The imperative for a sustainable recovery in the Southeast Asia region has been intensified by the COVID-19 pandemic. Not only has the pandemic wreaked havoc on economies - it has also underscored the need for SEA nations to bolster their resilience against climate change, especially since the region is vulnerable to climate crises.
Efforts towards sustainable recovery in SEA have prominently featured the environmental, social, and governance (ESG) framework. Public sector stakeholders in the region have proactively introduced or outlined various national and regional initiatives to foster sustainable growth. The deployment of stimulus packages, alongside fiscal and monetary policies, also emerged as immediate short-term measures to propel sustainable recovery efforts forward.
As an illustrative example, the Indonesia Stock Exchange (IDX) endorsed the Task Force on Climate-related Financial Disclosures (TCFD) in June 2021 to promote sustainable practices within Indonesia's capital market. Additionally, a collaboration agreement was signed between the Global Reporting Initiative (GRI) and the Indonesian government in 2021 to support and implement sustainability reporting frameworks nationwide.

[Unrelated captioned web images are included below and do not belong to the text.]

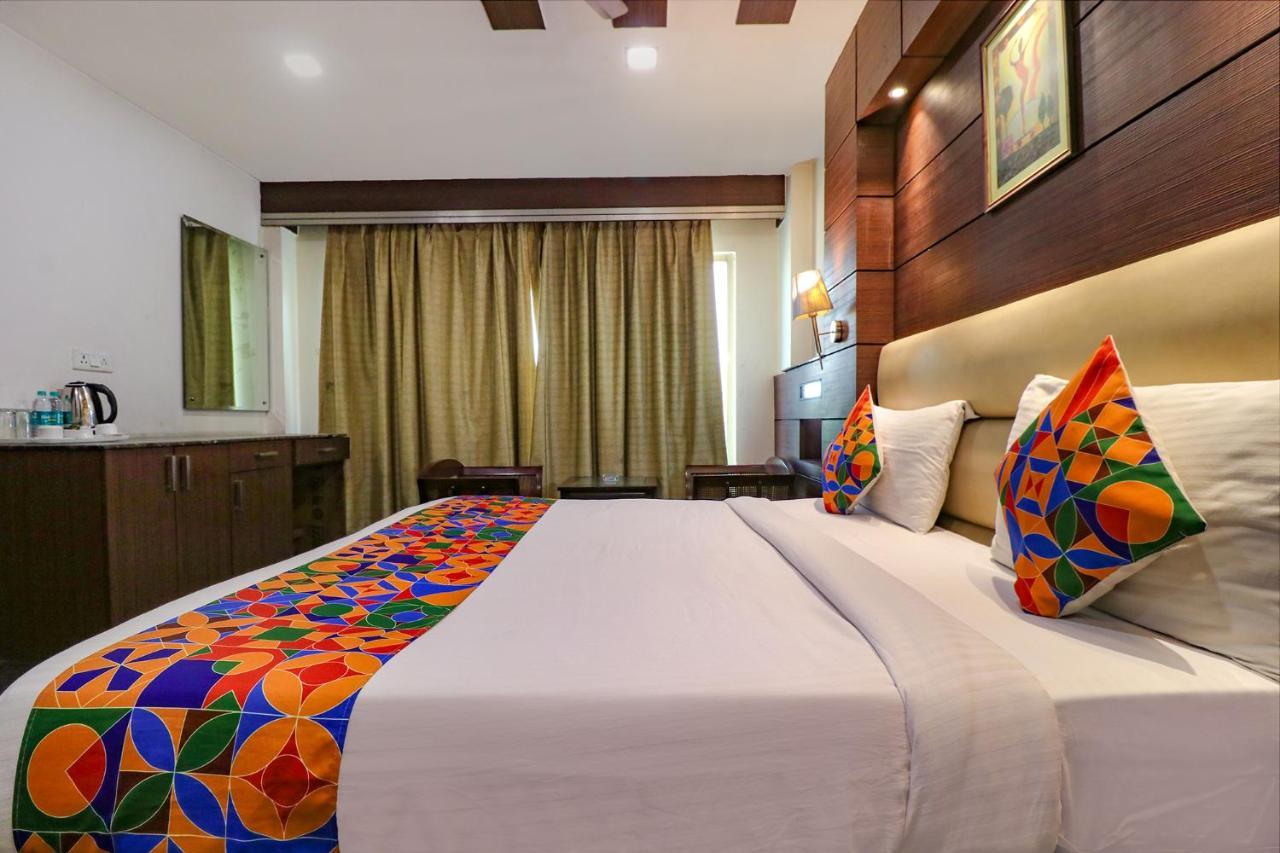 Fabhotel Admire Suites New Delhi Ngoại thất bức ảnh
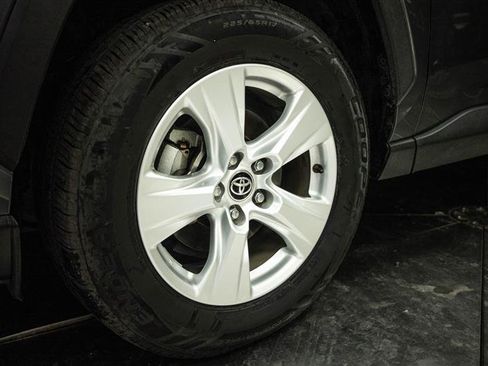 Used 2020 Toyota RAV4 LE w/ All Weather Liner Package AWD/4WD image 3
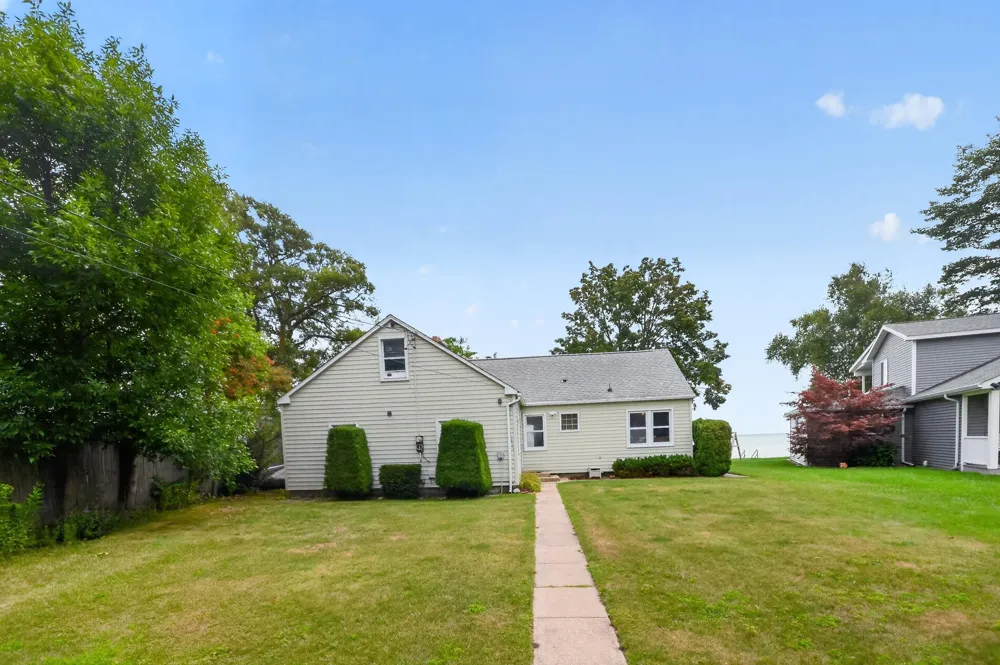 1105 Bay Drive Tawas Township, MI 48763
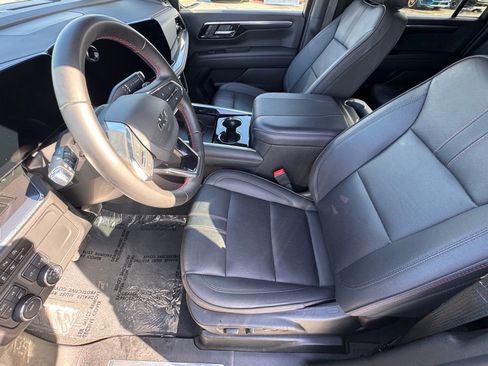 Used 2025 Chevrolet Suburban RST image 18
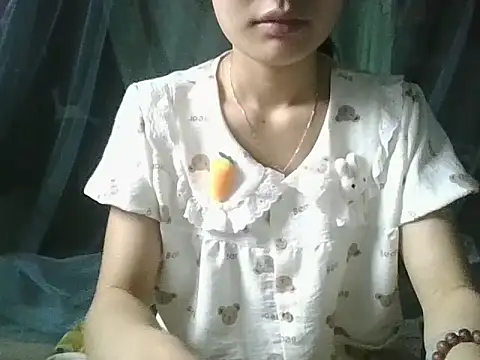Snapshot of Be-MyMy chatting on 04-18-26, 01:09 Be-MyMy online show from 04-18-26, 01:09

Businesses in SEA are also feeling pressure to prioritize sustainability. The region has witnessed a significant influx of investments since 2020, totaling 15 billion US dollars, with a majority directed towards renewable energy and infrastructure development. In addition, private equity and venture capital investments in sustainability initiatives have also experienced exponential growth, particularly in sectors such as energy and agri-food.
The implementation of ESG in SEA, however, is not without its challenges. The region grapples with intricate economic, social, and environmental issues, compounded by coordination challenges among governments and a lack of alignment across SEA nations.
SEA is facing significant challenges in achieving the Sustainable Development Goals (SDGs) set by the United Nations for 2030. Despite progress made across the region, it is currently off track to meet any of the 17 SDG targets. Additionally, 85% of SEA's total primary energy supply still comes from non-renewable sources.
The alarming situation extends to environmental concerns, with SEA projected to experience a substantial increase in CO2 emissions, potentially reaching up to 2,400 Mt CO2. This figure underscores the urgent need for enhanced emissions reduction efforts, particularly among Southeast Asian companies.
In a report published by YCP Solidiance titled "Accelerating Sustainable Recovery in Southeast Asia," SEA will need to support its sustainability credentials, including preparing for more global ESG standards and disclosure requirements in the next decade. Corporates and suppliers in SEA will also need to align with these regulations to ensure responsible business practices and support sustainable recovery in SEA.
Despite these challenges, governments across SEA have committed to achieving net-zero emissions between 2050 and 2065 through nationally determined contributions (NDCs) following the ratification of the Paris Agreement. These commitments entail a gradual reduction in reliance on fossil fuels to meet the region's growing energy demands.
Looking ahead, the sustainable recovery of SEA is also poised to revolve around the economy. Businesses operating in the region must integrate ESG principles into their business planning to remain competitive in the market. The concerted efforts of the public and private sectors reflect a commitment to building a more resilient and sustainable future for Southeast Asia.